Limitations & Future Work

  • Baseline nature: The authors admit to stripping away the complexity of real-world swarms (tool use, memory, scheduling) to study basic mechanisms. The conclusion that "complexity does not guarantee robustness" is a lower bound.
  • Limited scale and scenarios: The benchmark is based on 70 scenarios from Discrim-Eval across roughly four layers.

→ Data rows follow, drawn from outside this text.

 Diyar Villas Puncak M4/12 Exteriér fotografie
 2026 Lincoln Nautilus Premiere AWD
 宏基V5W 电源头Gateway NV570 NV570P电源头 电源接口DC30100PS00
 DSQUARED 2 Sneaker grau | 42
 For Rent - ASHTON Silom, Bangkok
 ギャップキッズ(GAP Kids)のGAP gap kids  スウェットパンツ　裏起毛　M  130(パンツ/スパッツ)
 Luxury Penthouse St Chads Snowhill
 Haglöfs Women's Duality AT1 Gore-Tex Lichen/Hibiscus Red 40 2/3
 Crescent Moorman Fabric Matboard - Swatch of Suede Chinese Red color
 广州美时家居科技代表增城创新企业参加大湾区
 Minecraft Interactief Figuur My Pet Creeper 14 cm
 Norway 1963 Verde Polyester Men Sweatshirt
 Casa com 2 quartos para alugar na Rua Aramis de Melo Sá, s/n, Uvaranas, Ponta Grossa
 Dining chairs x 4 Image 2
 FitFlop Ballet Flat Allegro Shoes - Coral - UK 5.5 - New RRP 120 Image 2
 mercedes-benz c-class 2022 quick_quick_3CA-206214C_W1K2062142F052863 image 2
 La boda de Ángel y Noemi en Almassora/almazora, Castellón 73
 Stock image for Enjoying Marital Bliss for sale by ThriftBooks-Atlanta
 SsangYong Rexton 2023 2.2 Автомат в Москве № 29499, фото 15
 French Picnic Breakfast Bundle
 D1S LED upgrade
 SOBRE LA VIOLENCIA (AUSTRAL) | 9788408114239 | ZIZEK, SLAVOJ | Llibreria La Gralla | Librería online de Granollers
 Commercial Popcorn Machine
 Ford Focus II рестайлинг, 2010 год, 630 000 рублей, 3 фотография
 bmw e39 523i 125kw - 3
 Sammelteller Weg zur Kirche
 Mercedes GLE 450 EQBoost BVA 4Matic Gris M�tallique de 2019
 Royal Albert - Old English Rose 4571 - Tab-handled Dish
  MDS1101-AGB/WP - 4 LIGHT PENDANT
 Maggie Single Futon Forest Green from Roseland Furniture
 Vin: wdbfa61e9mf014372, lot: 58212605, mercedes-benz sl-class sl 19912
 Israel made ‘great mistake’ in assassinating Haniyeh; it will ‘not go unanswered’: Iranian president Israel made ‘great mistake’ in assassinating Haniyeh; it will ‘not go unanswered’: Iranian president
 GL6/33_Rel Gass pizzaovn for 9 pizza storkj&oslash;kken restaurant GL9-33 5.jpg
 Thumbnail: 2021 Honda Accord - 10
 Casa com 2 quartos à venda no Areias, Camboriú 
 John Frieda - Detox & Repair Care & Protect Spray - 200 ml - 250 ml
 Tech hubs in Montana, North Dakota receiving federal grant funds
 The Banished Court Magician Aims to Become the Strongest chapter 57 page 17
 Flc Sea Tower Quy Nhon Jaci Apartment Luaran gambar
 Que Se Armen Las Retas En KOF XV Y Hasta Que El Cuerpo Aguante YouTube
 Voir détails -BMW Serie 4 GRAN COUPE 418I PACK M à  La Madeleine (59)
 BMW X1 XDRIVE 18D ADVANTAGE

Whether larger and more heterogeneous systems follow the same laws remains to be verified.
  • Diagnostic rather than prescriptive: The paper proves that existing architectures fail to suppress amplification but does not propose an effective systemic debiasing mechanism (e.g., aggregation protocols resistant to sycophantic cascades).
  • Prompt-based probability self-reporting: Compelling LLMs to report probability distributions is an approximation, and there may be systemic errors in how reported probabilities correspond to internal preferences.
  • vs. Single LLM Alignment: While existing work cleans explicit bias in static benchmarks, this paper highlights that "seemingly neutral" models fail in multi-round interactions as residual minor preferences accumulate.
  • vs. Optimistic Assumptions of Structural Diversity: Contrary to the assumption that different personas or roles offset bias, this empirical study proves that complex connectivity and recursive communication often amplify random skews.
  • vs. Social Science Theories: The paper maps concepts like polarization and echo chambers to LLM systems, providing a mechanistic analogy (sycophancy/conformity as feedback reinforcement).

Rating

  • Novelty: ⭐⭐⭐⭐ Reframing bias as a systemic emergent property is novel; forced-choice benchmarks and Gini metrics are innovative.
  • Experimental Thoroughness: ⭐⭐⭐⭐ Scans 8 models across 4 architectural dimensions; Trigger Vulnerability is compelling, though the systems are relatively shallow.
  • Writing Quality: ⭐⭐⭐⭐ Theoretical framework and metrics are clear and self-consistent.
  • Value: ⭐⭐⭐⭐ Significant warning for MAS safety and alignment; diagnostic tools are reusable.